From the line that includes "Picture of Apple" to the last line of the data, quote each line precisely; both boundary lines belong in the answer.

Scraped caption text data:
■ ■ ■ ■
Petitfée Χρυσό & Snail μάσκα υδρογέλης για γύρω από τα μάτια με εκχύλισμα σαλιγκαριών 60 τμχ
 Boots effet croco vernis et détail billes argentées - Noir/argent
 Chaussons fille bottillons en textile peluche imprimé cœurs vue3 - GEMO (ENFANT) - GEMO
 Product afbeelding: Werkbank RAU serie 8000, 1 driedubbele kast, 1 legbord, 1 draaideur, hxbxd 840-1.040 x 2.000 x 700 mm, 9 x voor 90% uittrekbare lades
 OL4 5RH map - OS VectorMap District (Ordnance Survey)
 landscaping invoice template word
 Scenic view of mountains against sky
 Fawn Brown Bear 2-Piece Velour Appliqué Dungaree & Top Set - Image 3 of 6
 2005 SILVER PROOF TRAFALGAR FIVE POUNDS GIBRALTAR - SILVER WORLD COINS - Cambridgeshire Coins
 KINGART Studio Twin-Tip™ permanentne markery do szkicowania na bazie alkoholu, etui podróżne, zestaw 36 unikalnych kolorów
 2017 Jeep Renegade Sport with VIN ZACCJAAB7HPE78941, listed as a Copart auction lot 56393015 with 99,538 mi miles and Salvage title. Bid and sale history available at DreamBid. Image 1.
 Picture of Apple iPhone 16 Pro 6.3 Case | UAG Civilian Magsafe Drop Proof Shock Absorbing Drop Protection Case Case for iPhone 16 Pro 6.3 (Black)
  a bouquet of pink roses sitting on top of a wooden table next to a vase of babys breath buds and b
■ ■ ■ ■
Solution to this problem:
 Picture of Apple iPhone 16 Pro 6.3 Case | UAG Civilian Magsafe Drop Proof Shock Absorbing Drop Protection Case Case for iPhone 16 Pro 6.3 (Black)
  a bouquet of pink roses sitting on top of a wooden table next to a vase of babys breath buds and b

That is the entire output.